Il court ici un bruit sourd de la mort de M. le duc de Guise, [34] de deux charbons pestilentiels que l’on dit qu’il a eus ; [35] mais je ne le puis croire si légèrement. [10] Je regrette fort, avec beaucoup d’autres, la perte de M. le premier président de Bellièvre, [36] en ayant ouï dire beaucoup de bien par ci-devant, et surtout iustissimus unus quod fuit in Francis et servantissimus æqui[11] qui est une très rare qualité en ce misérable siècle. L’on m’a assuré que leur race est sortie d’un village de notre voisinage nommé Givors, [37] et que le premier qui fit fortune fut Pomponne de Bellièvre, [38] qui fut fait chancelier de France. [12] Je pense que celui-ci sera le dernier de la race. Voilà comment va le monde, ο βιος τροχος, ασταλος ολβος. [13][39]

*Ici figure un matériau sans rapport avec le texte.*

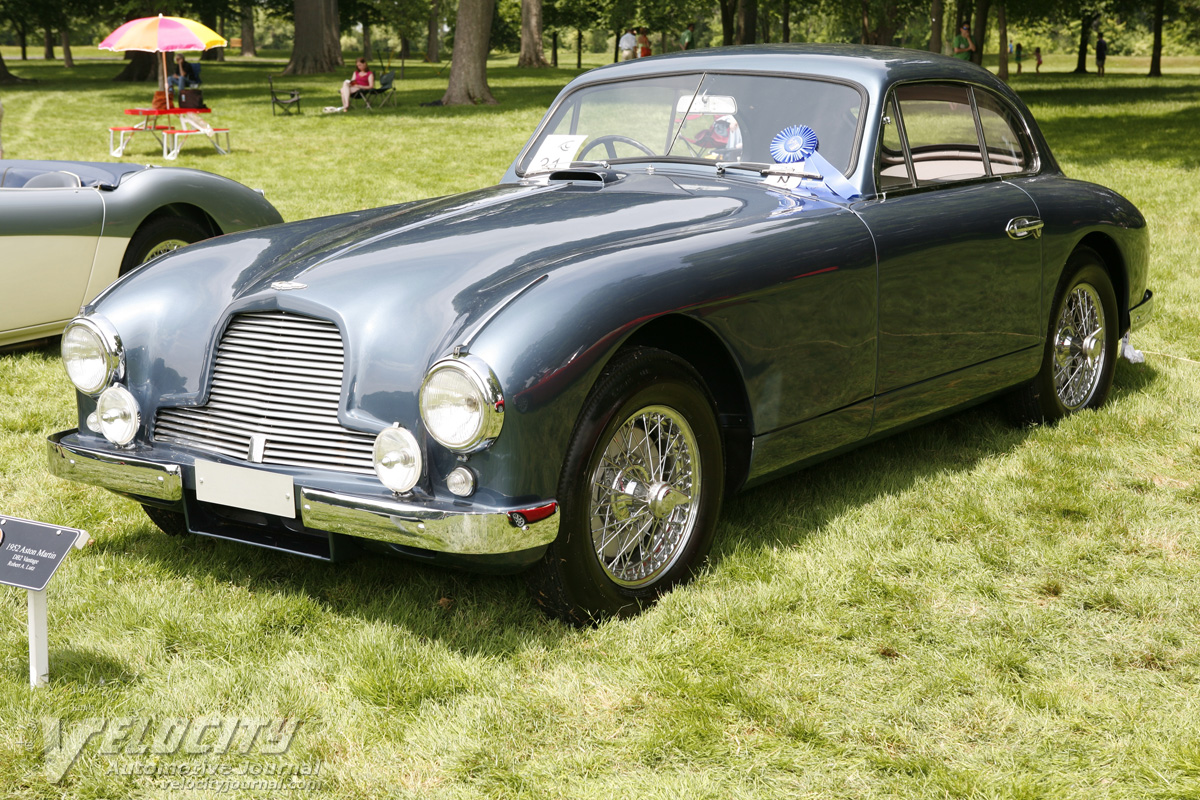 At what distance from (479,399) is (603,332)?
433 millimetres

Au reste, Monsieur, je ne vous saurais assez remercier du bon accueil que vous avez fait à M. Breton [40] qui vous a présenté ma lettre écrite en faveur de Messre Najat, [41] et des bons offices que vous lui avez rendus, et à ces Messieurs, en ce rencontre. Il en a ici écrit merveilles et j’en ai été remercié comme il faut. Je sais bien que j’abuse de votre bonté en ces sortes de commissions et de corvées, mais je n’ai pas assez d’adresse pour m’en défendre. M. Jugeact [42] le prieur a été cause de cette dernière pratique car ayant hautement vanté à Messre Najat la part que vous me donniez en l’honneur de vos bonnes grâces, ils se sont voulu servir de ma recommandation envers vous, ce que je n’ai pu leur refuser pour l’ancienne affection que j’ai à leur maison, de laquelle je suis le médecin. [14] L’on m’a fait voir ici un factum imprimé pour M. de Chenailles, [43] auquel il tâche de faire paraître son innocence, répondant à tous les chefs d’accusation qu’on lui objecte ; [15] mais je ne vois pas qu’il se justifie bien nettement et crois avec vous que, s’il n’y a pas eu beaucoup de mauvaise intention en son fait, il y a du moins bien eu de cette graine infortunée de Libo Drusus, [44][45] que les Latins nomment vecordiam[16] Il a fait des pas de clerc dans ses réponses, qui sans doute lui seront fort désavantageux. Je suis bien fâché que le fils de M. Moreau [46] ait tenu si peu de compte de conserver les écrits de feu Monsieur son père. [47] J’ai véritablement quelques lettres de lui pleines d’érudition, mais qui ne sont pas propres à être publiées. Il faudrait avoir les additions qu’il avait dessein de faire à ses Commentaires de l’École de Salerne [48] et faire réimprimer ce livre qui est fort demandé. [17]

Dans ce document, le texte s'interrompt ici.